--- START ---

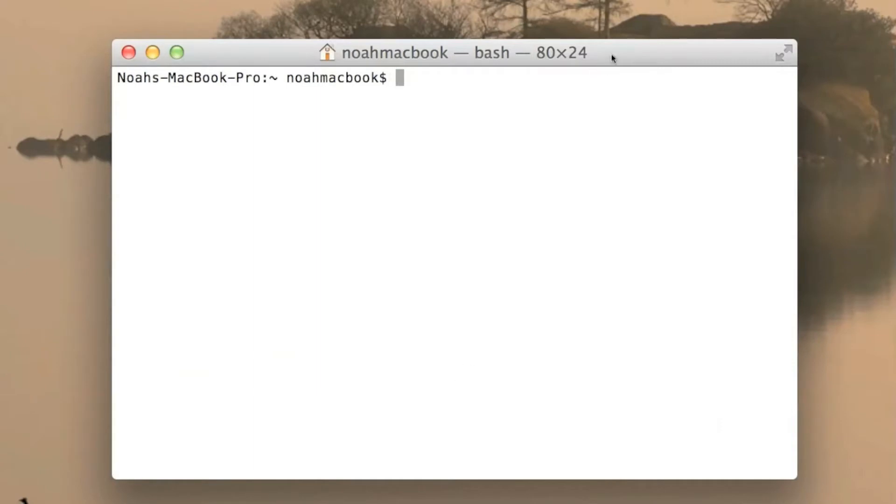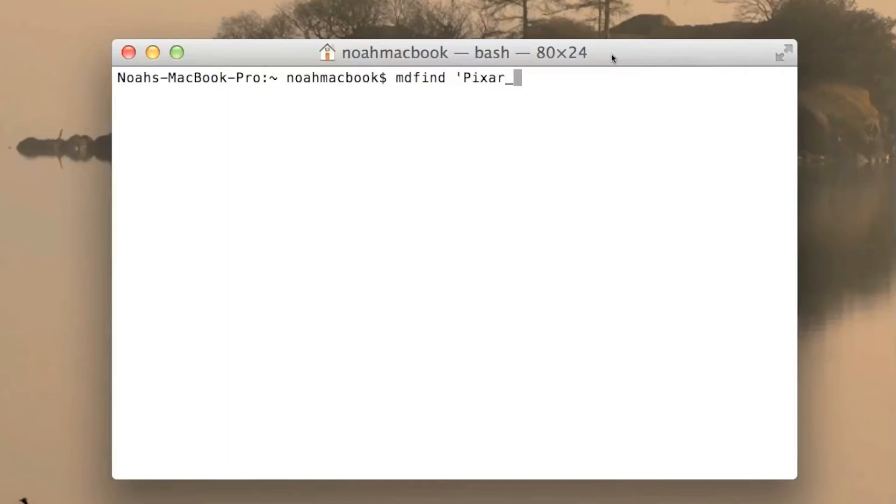I haven't actually got that many files on here, but let's say you wanted to search for a specific file. MDFIND, I've got pixar_underscore_lamp, and by default it searches your entire computer. So if you've got a lot of files it's going to take a long time to churn through them all and find the one you want.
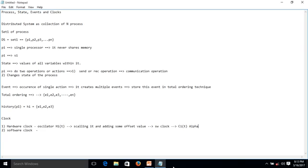Based on Hi(t), by scaling it and adding an offset value, we get the software clock Ci(t). The formula is: Ci(t) = α · Hi(t) + β, where α is the scaling factor and β is the offset value. This scaling and offset operation is done to create accuracy and standardization in the clock value. The resulting Ci(t) is called the software clock.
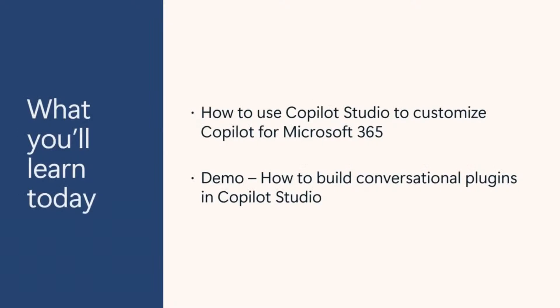Your data, your workflows, your processes and policies. That's where Copilot Studio comes in. In this session today, we'll talk about how you can use Copilot Studio to customize Copilot for the way you work, and we'll even do a short demo to bring it all to life.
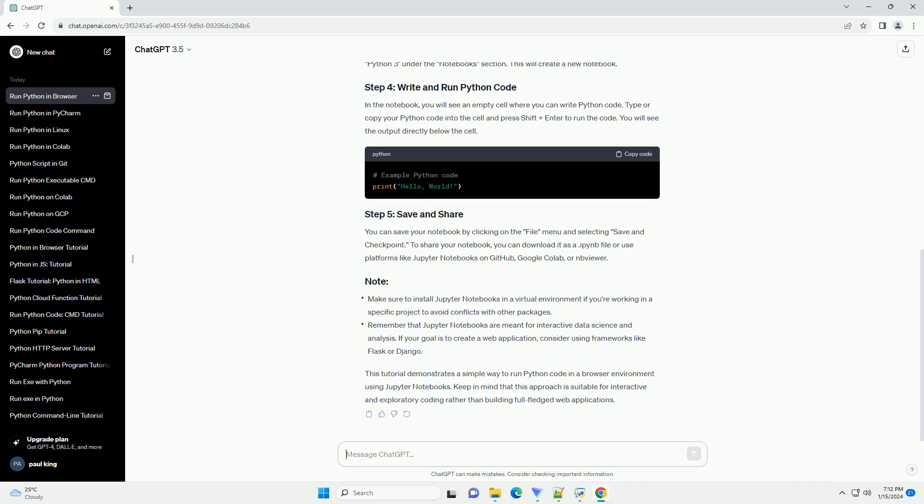This tutorial demonstrates a simple way to run Python code in a browser environment using Jupyter Notebooks. Keep in mind that this approach is suitable for interactive and exploratory coding rather than building full-fledged web applications.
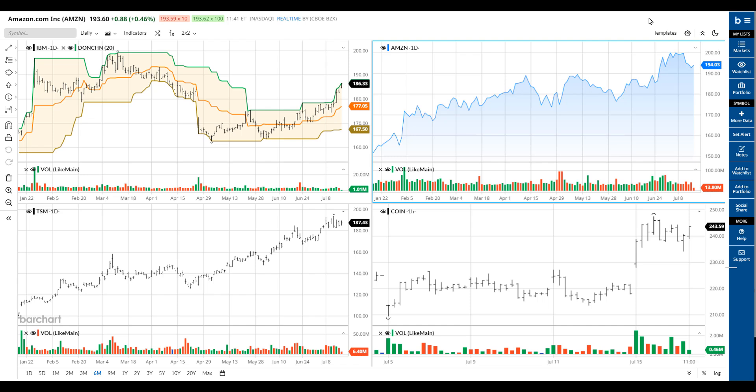I hope you can see that these new charts offer you much more flexibility when working with grids. If you should have any questions on how to use the new grids or multi-charts, please don't hesitate to email us at support@barchart.com. Thank you for your attention. We appreciate your membership, and thank you for using barchart.com.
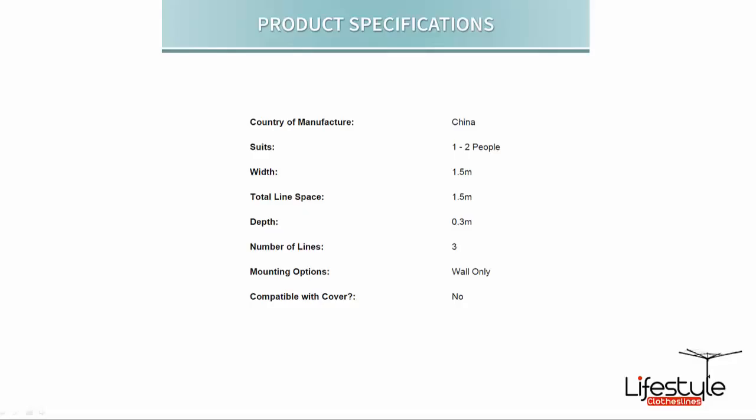So the maximum extension of the front bar is 1.5 metres. It is adjustable so you can reduce that in size if it doesn't suit the space that you have.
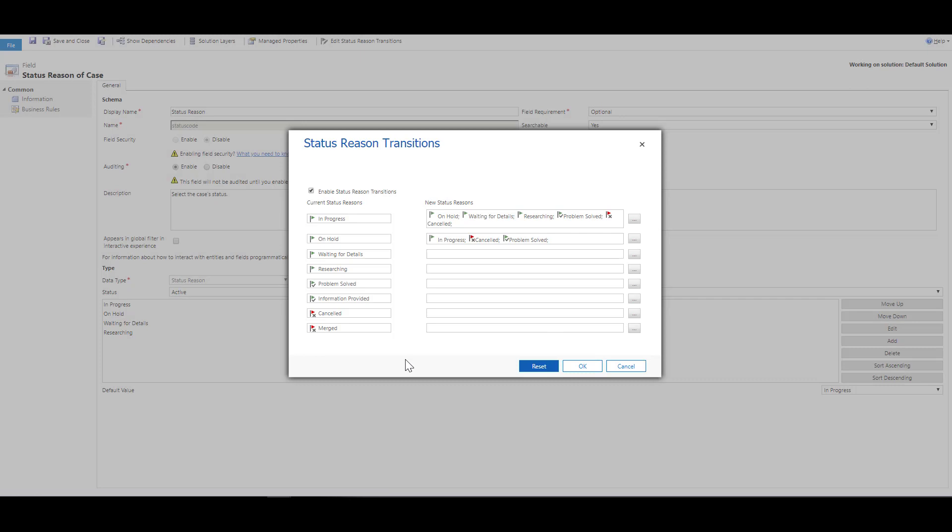Once you are done customizing, you can click on OK, and then you can go ahead and publish the customization. This will be available in the applications to provide a much more custom experience for your agents as they are working through the transitions from one case status to another.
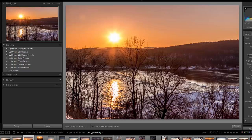In this video I'll go through the process of installing the Landscape Legend Lightroom presets. This set includes both develop presets as well as local adjustment presets and I'll show you how to install each of those. For the purpose of this video I'll be assuming that you have already completed the purchase of the presets and downloaded the zip file.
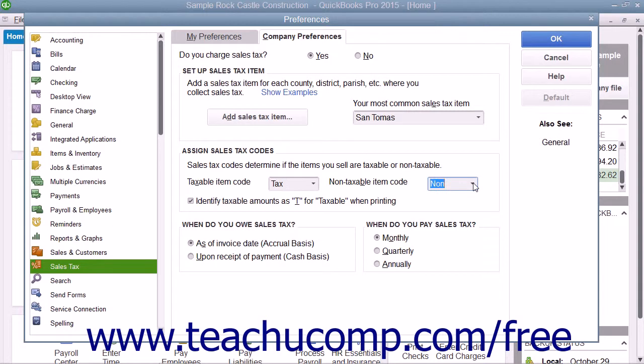You can also check the checkbox for Identify Taxable Amounts as T for Taxable when printing, to print a T for taxable amounts within sales forms.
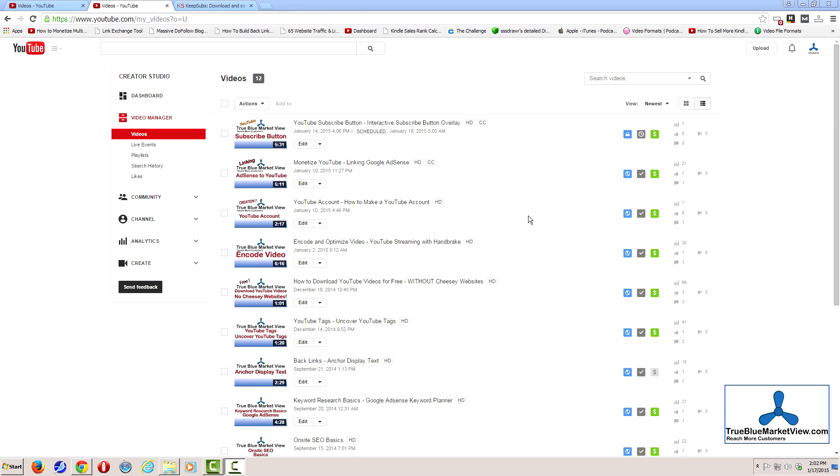In this video, we're going to be talking about how to fix YouTube subtitles and captions, as well as how to download a copy of them so that you can use them in your video description.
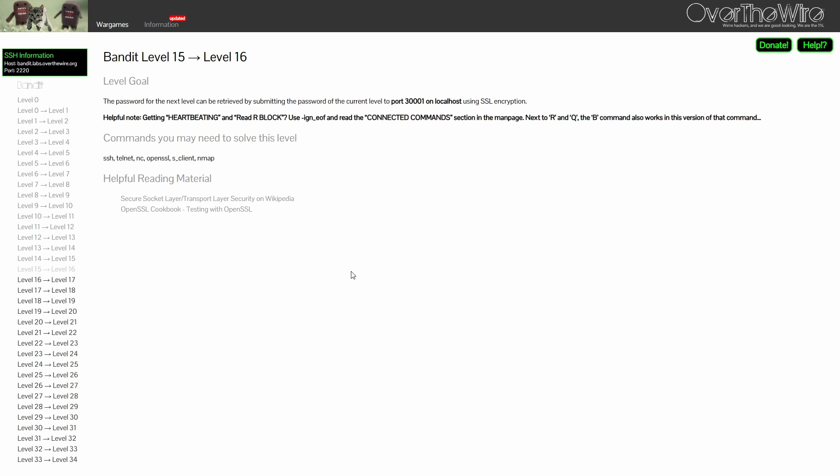For level 15, the password can only be retrieved by submitting the current level password to port 30001 on localhost using SSL encryption. Well, the only difference between this and the previous level is that this level requires SSL encryption, so we cannot just use netcat or telnet like before.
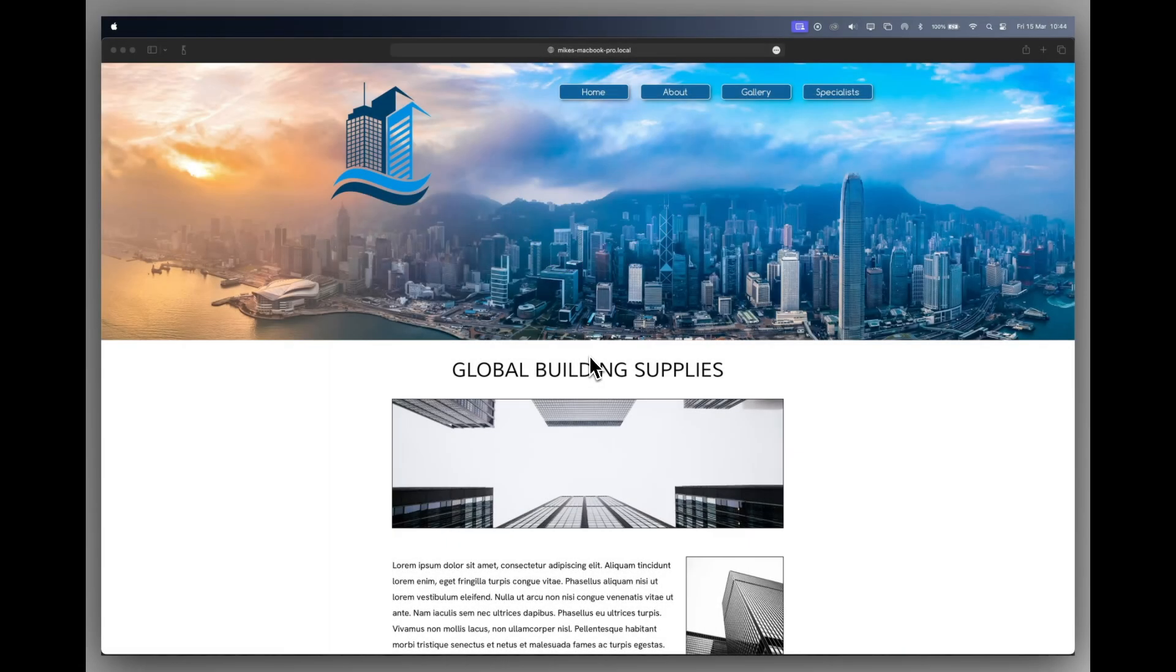Hello and welcome to another Sparkle 5 tutorial. In this tutorial, I want to take a look at headers and footers.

--- END ---

- [THE TASK] Everything in the data except the pictures must be retyped exactly.

- [EXERCISE RESULT]
I haven't actually got that many files on here, but let's say you wanted to search for a specific file. MDFIND, I've got pixar_underscore_lamp, and by default it searches your entire computer. So if you've got a lot of files it's going to take a long time to churn through them all and find the one you want.
Based on Hi(t), by scaling it and adding an offset value, we get the software clock Ci(t). The formula is: Ci(t) = α · Hi(t) + β, where α is the scaling factor and β is the offset value. This scaling and offset operation is done to create accuracy and standardization in the clock value. The resulting Ci(t) is called the software clock.
Your data, your workflows, your processes and policies. That's where Copilot Studio comes in. In this session today, we'll talk about how you can use Copilot Studio to customize Copilot for the way you work, and we'll even do a short demo to bring it all to life.
This tutorial demonstrates a simple way to run Python code in a browser environment using Jupyter Notebooks. Keep in mind that this approach is suitable for interactive and exploratory coding rather than building full-fledged web applications.
I hope you can see that these new charts offer you much more flexibility when working with grids. If you should have any questions on how to use the new grids or multi-charts, please don't hesitate to email us at support@barchart.com. Thank you for your attention. We appreciate your membership, and thank you for using barchart.com.
So the maximum extension of the front bar is 1.5 metres. It is adjustable so you can reduce that in size if it doesn't suit the space that you have.
Once you are done customizing, you can click on OK, and then you can go ahead and publish the customization. This will be available in the applications to provide a much more custom experience for your agents as they are working through the transitions from one case status to another.
In this video I'll go through the process of installing the Landscape Legend Lightroom presets. This set includes both develop presets as well as local adjustment presets and I'll show you how to install each of those. For the purpose of this video I'll be assuming that you have already completed the purchase of the presets and downloaded the zip file.
You can also check the checkbox for Identify Taxable Amounts as T for Taxable when printing, to print a T for taxable amounts within sales forms.
In this video, we're going to be talking about how to fix YouTube subtitles and captions, as well as how to download a copy of them so that you can use them in your video description.
For level 15, the password can only be retrieved by submitting the current level password to port 30001 on localhost using SSL encryption. Well, the only difference between this and the previous level is that this level requires SSL encryption, so we cannot just use netcat or telnet like before.
Hello and welcome to another Sparkle 5 tutorial. In this tutorial, I want to take a look at headers and footers.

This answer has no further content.